Some structure and rigor is necessary in education. I can do with numbered rooms, numbered student groups, roll calls, bell ringing every hour, even when it sometimes feel more like barrack or monastery than school. I can do with tests, exams and scores, which are directly inspired by games. I can do with all this because I know it would be hard to work otherwise – especially with no more funds. I can do with all this, but I don’t think we need more.

School is a place where students ought to learn stuff, make it their and do what they want and can with it. It’s possible with discussion, research, debate, personal thinking, all things which are easy in the relatively casual setting of traditional lectures. It becomes difficult when lectures have to follow incredibly detailed programs or carefully prepared powerpoints, which can help the teacher transmit predefinite knowledge, but prevent him from doing anything else.
This becomes almost impossible when teaching is made through a game from which – that’s the very essence of a game – it’s impossible to get out. Very simple boardgames or communication games allowing to explain a simple mechanism can be useful if the game is followed by some comments on its mechanisms and the underlying ideology. More complex games, and especially computerized “serious games” which often require a deep and long term investment by the player and try to hide their rules for more “realism” don’t help to understand the real world, and often even give of it a systematic and often dishonest image. If you want students to think out of the box, better not give them a box.

If games are rarely a good educative tool, game design can be. Designing a game requires to build the mathematical model behind it, and therefore to think of what theories are embedded in the model. We can build an interesting parallel with the teaching of writing and literature. In the US, the focus is on creative writing, something which has almost disappeared from French schools, replaced by an indigestible mix or rhetorics and old French classics, of pointless grammatical games and boring academics. The US system is certainly more efficient – even for learning to read and apperciate classics..

3) Loss of time and efficiency

Designing and finalizing a game, especially one with some educational pretense, requires much time. The school curricula are becoming every year longer and heavier – in part because governments don’t want teachers, and worst of all students, to have enough free time to think by themselves and discuss one with another the stuff they are learning.
Games make things even worse, because the time to learn the rules is taken from the time to learn the curricula.

The French school system, especially at high school level, rarely fosters autonomy. Computers are a great thing in school because, once the students master them – and they usually do already -, they can use them in different ways, research, exploration or more traditional written work. A student using a computer has some real autonomy, a student playing a game doesn’t, because he is far too enclosed in a very narrow frame by very precise rules. Schools need more toys – the computer is one – not more games.

Conclusion

We need a more playful school, not a more gamey one. Education would be better, more efficient, if it were more open-minded, pluralistic, chaotic, improvised – exactly the opposite of what structured games can – and probably will – provide. We need a school that makes students more conscious and responsible in the real world, not better at strategic thinking. School need less rules and less test scores, not more.

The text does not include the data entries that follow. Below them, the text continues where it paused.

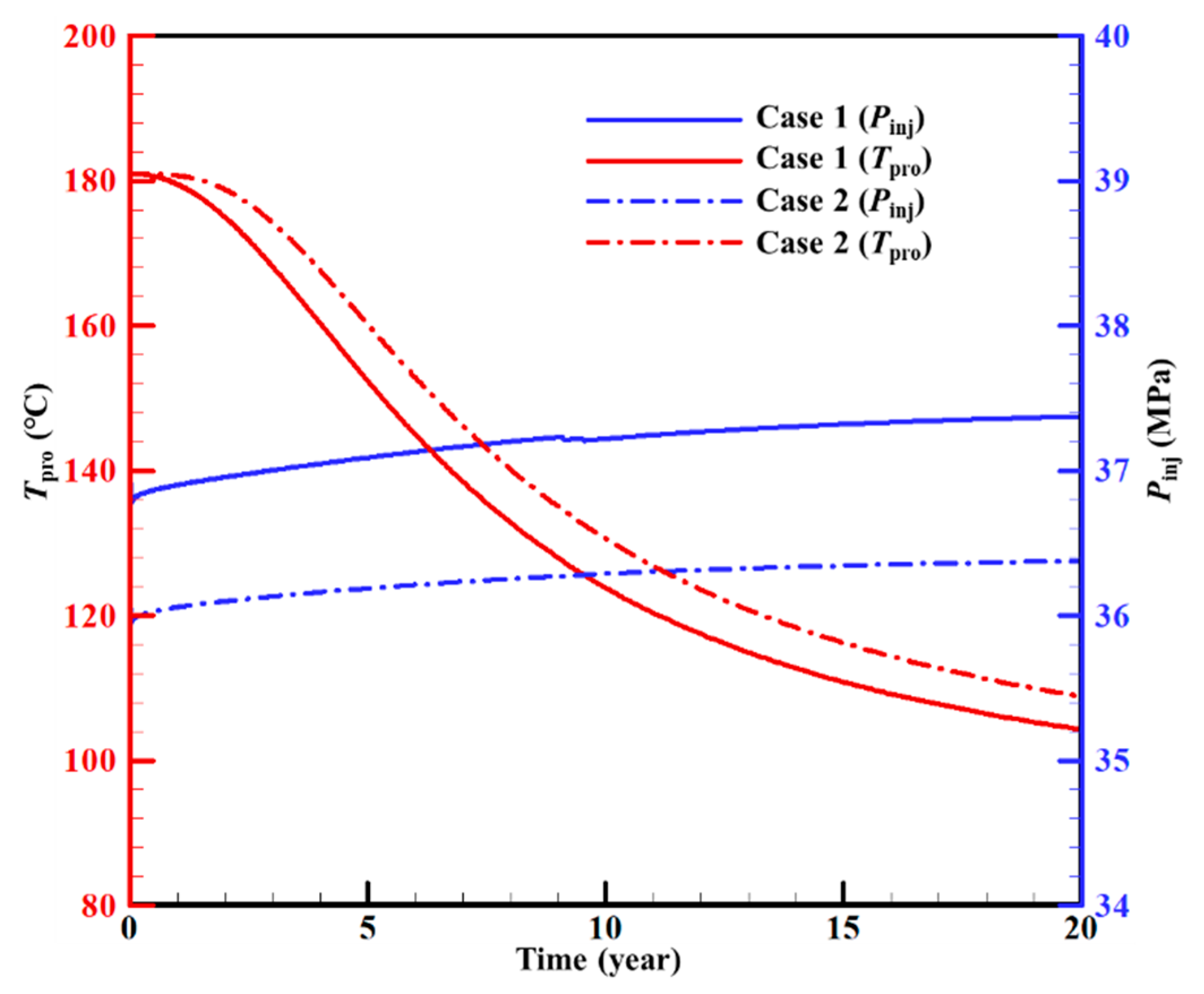 Sustainability 15 03551 g015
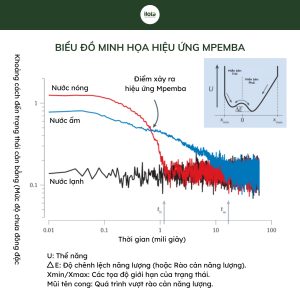 hieu-ung-mpemba-tai-sao-nuoc-nong-lam-da-lai-tot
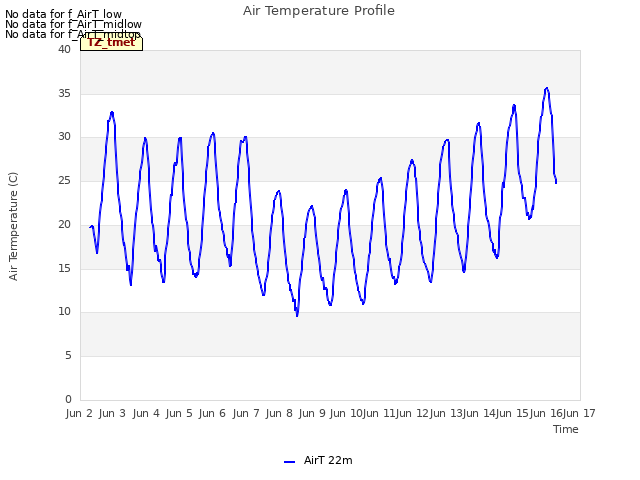 plot of Air Temperature Profile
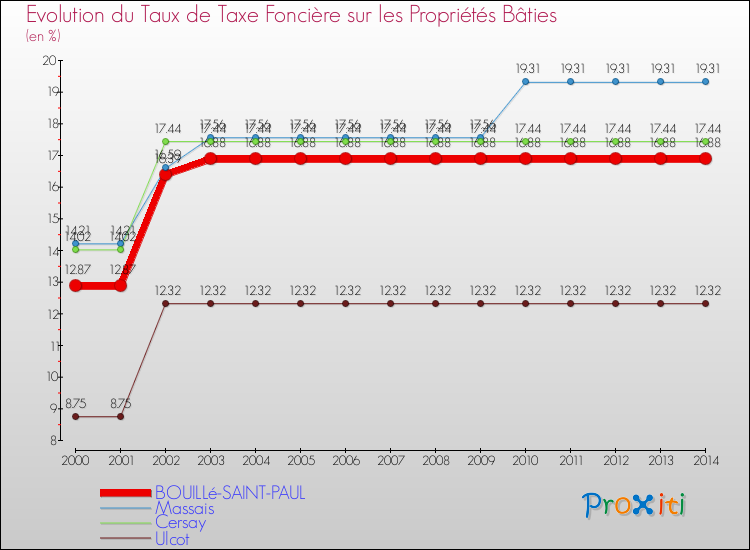 Evolution du taux de la taxe foncière sur le bati pour BOUILLé-SAINT-PAUL et les communes proches de 2000 à 2014 Comparaison des taux de taxe foncière sur le bati pour BOUILLé-SAINT-PAUL et les communes voisines de 2000 à 2014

My games are designed to divert, to bring fun or intellectual challenge, but not to teach anything. Of course, one can learn some maths, especially divisions and prime numbers, playing Incan Gold, one can learn collaboration and the danger of alcohol playing Red November, one can learn to lie playing Mascarade, but that’s not the point, that’s not the goal of the game.

Terra is the only exception, the only deliberately pedagogic (and political) game I ever designed. It was for a good cause, sustainable development and all that stuff, so I could hardly decline to do it. It’s the game that granted me the most invitations to symposiums and conferences – but it didn’t sell that good, and I don’t think it was the most useful.